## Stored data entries
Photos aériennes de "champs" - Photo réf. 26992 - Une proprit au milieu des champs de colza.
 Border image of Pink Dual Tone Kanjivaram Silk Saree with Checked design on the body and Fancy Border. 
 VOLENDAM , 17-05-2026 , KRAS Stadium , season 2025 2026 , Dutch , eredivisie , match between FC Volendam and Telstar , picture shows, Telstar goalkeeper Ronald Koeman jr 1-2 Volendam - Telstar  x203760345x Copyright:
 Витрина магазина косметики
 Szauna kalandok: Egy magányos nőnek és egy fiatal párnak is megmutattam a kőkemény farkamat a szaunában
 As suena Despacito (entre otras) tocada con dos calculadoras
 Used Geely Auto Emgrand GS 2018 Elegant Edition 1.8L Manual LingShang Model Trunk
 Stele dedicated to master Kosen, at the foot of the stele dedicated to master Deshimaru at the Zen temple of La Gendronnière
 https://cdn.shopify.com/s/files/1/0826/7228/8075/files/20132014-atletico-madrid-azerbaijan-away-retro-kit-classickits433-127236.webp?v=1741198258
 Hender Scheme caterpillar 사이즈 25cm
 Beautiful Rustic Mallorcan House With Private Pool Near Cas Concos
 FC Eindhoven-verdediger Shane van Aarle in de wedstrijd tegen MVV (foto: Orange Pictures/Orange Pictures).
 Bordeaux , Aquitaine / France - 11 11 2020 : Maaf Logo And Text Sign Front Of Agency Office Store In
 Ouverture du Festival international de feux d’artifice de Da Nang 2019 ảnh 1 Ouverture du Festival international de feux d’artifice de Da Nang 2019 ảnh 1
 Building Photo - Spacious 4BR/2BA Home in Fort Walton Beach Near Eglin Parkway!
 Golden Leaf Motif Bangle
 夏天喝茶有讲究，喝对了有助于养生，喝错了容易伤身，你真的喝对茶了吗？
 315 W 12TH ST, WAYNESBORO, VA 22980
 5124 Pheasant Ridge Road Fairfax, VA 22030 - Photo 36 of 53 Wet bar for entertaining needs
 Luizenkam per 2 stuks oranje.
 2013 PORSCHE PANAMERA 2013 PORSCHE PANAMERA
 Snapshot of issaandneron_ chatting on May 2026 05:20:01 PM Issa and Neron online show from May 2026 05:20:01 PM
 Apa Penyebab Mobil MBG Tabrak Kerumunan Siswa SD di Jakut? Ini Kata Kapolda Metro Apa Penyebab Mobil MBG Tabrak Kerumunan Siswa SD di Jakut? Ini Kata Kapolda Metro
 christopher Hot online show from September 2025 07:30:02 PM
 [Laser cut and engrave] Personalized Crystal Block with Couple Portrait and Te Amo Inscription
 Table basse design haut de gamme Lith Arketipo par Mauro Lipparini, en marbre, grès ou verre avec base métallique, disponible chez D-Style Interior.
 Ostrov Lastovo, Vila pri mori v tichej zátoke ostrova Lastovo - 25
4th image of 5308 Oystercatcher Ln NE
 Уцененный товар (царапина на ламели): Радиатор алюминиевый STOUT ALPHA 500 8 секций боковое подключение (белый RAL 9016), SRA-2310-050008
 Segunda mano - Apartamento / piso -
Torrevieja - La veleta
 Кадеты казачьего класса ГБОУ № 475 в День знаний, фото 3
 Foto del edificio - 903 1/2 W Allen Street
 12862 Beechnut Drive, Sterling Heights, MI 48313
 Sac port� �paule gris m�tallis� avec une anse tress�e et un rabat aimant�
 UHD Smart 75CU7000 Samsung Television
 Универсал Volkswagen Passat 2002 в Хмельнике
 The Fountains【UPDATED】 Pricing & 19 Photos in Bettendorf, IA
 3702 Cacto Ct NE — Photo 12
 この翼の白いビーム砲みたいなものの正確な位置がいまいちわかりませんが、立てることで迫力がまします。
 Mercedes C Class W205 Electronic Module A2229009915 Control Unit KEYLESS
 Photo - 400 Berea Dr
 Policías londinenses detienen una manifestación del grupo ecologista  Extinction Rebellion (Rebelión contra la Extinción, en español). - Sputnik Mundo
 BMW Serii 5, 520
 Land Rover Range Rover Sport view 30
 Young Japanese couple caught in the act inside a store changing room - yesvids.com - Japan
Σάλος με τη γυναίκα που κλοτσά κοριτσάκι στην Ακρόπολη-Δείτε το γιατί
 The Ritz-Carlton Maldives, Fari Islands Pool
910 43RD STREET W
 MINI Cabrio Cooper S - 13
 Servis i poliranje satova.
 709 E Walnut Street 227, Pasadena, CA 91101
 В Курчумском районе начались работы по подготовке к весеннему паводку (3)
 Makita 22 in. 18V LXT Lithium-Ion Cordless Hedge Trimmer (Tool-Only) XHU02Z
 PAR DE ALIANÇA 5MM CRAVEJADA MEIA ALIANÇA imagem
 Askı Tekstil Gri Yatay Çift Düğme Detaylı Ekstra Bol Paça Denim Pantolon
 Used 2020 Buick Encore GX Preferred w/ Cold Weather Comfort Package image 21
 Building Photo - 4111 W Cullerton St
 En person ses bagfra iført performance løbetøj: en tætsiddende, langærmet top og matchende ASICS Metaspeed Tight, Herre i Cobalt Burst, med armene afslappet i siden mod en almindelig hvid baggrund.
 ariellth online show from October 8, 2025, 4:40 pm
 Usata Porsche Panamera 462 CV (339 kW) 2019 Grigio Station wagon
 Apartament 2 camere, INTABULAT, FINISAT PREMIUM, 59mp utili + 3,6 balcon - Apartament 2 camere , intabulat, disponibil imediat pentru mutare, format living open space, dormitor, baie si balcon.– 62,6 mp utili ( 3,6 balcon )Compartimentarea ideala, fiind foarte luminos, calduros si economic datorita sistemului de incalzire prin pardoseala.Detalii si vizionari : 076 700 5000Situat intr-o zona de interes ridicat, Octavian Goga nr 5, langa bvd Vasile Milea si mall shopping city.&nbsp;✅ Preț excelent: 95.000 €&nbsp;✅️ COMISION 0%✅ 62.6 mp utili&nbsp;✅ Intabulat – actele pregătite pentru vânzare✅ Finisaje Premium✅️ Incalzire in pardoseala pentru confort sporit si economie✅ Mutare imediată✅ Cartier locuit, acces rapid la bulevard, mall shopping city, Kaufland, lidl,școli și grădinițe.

## WHAT IS BEING ASKED
Search the records above for the string "Near". Copy every line that contains it.

## SOLUTION TO THIS EXERCISE
 Beautiful Rustic Mallorcan House With Private Pool Near Cas Concos
 Building Photo - Spacious 4BR/2BA Home in Fort Walton Beach Near Eglin Parkway!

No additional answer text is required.